Die Doppelmoral reist mit

Hier beginnt der unerquicklichste Teil der Berliner Moral. Denn am Tisch sitzen oder sitzen in der Nähe der Berliner Konstruktion auch Akteure, denen seit langem vorgeworfen wird, Kriegsparteien in Sudan unterstützt zu haben. Der Tagesspiegel verweist auf Medienberichte und NGO-Recherchen, wonach den Vereinigten Arabischen Emiraten nachgesagt wird, die RSF mit Geld und Waffen zu versorgen. Zugleich gelten die Emirate als Teil jenes „Quad“-Formats mit den USA, Saudi-Arabien und Ägypten, auf das Hamdok Hoffnungen setzt. Im Tagesspiegel-Bericht wird der „Quad-Friedensplan“ als „der vielversprechendste Ansatz für einen Waffenstillstand“ bezeichnet. Maren Kaminski von der Linken formuliert die daraus entstehende Peinlichkeit knapp: „Frieden im Sudan braucht Druck auf die Kriegsfinanzierer – nicht Freihandel mit ihnen“.

Das ist kein bloßer Oppositionsreflex. Es ist ein struktureller Einwand. Wer Staaten, denen Einfluss auf die Kriegsparteien zugeschrieben wird, als Friedenshelfer umarmt, weil man ohne sie nicht auskommt, bestätigt die alte Regel internationaler Politik: Zuerst füttert man den Brand, dann moderiert man das Feuer. Das muss nicht Heuchelei sein. Manchmal ist es bloß Interessenrealismus. Aber Interessenrealismus mit Pressekonferenz bleibt noch immer Interessenrealismus.

Berlin steht damit vor einer Aufgabe, die diplomatisch kleiner klingt, als sie ist: Es müsste nicht nur Hilfe organisieren, sondern auch die Konkurrenz der Vermittlungsformate, Zuständigkeiten und Schutzbehauptungen überwinden. Hamdok warnt im Guardian, die Vielzahl paralleler Initiativen von AU, IGAD, Arabischer Liga, UN, EU und anderen verringere eher die Chancen auf Frieden. Man könnte ergänzen: Zu viele Prozesse sind nicht Ausdruck überlegener Sorgfalt, sondern oft nur die bürokratische Form der Ohnmacht.

Was Berlin kann – und was nicht

Bleibt die Frage, was von dieser Konferenz zu halten ist. Wer sie als Friedenskonferenz liest, wird enttäuscht werden. Wer sie als humanitäre Mobilisierung mit politischer Nebenabsicht liest, versteht mehr. Berlin kann Geld einsammeln, Aufmerksamkeit bündeln, zivile Akteure sichtbarer machen, die Idee eines zivilen Übergangs stärken und den Satz von der militärischen Unmöglichkeit dieses Krieges erneut öffentlich machen. Es kann den Krieg nicht beenden. Es kann nicht einmal garantieren, dass die dort erdachten Modelle im Sudan selbst eine Trägerschicht finden, die mehr ist als ehrenhaft und weniger als machtlos.
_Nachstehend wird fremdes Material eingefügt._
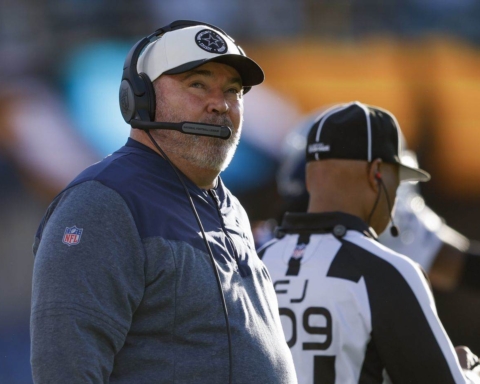Cowboys coaching problems result in lose to Jags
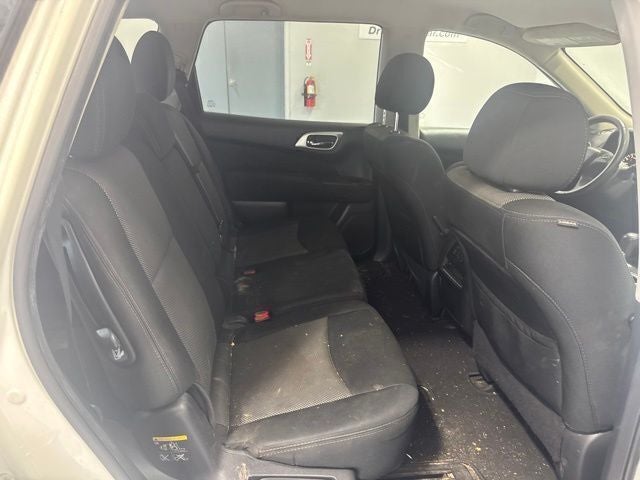 2017 Nissan Pathfinder SV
Und doch wäre es zu billig, das Treffen deshalb als bloßes Ritual abzutun. In einem Land, in dem beide Kriegsparteien Märkte beschießen, Hochzeitsgesellschaften treffen und die Zivilbevölkerung zwischen Front und Hunger zerreiben, ist selbst die begrenzte Stärkung ziviler Strukturen kein Nebenschauplatz. Der Lagebericht von IDN-InDepthNews nennt den Artillerieangriff auf einen Markt in Dilling mit Toten und Verletzten; bei einem Drohnenangriff auf eine Hochzeitsfeier in Kutum seien mindestens 30 Zivilisten getötet worden. Wer vor diesem Hintergrund noch fragt, ob Berlin nicht zu symbolisch sei, verkennt den Punkt: Symbolik ist unerquicklich; aber auch sie ist besser als Gleichgültigkeit. Nur darf man Symbolik nicht mit Politik verwechseln.
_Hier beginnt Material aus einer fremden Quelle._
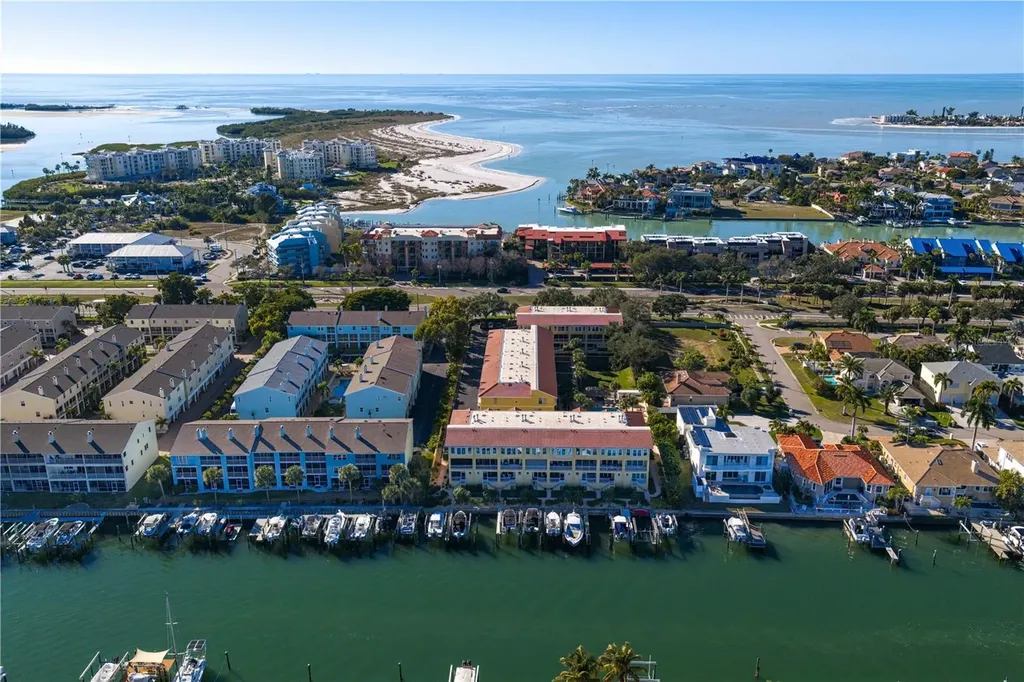 1067 Pinellas Bayway S St Petersburg FL 33715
Der Sudan braucht, nüchtern betrachtet, dreierlei: mehr Hilfe sofort, mehr Druck auf die auswärtigen Sponsoren des Krieges und einen zivilen politischen Rahmen, der weder SAF noch RSF zum Gravitationszentrum macht. Berlin kann den ersten Punkt erleichtern, den dritten anstoßen und beim zweiten seine eigene Grenze besichtigen. Gerade darin liegt seine Relevanz. Diese Konferenz zeigt, was internationale Diplomatie vermag, wenn sie anständig sein will, aber nicht durchgreifen kann. Sie tagt über den Frieden wie eine Feuerwehr über den Sinn des Wassers. Das ist nicht nichts. Aber für ein Land, das seit drei Jahren zerfällt, ist es auch nicht genug.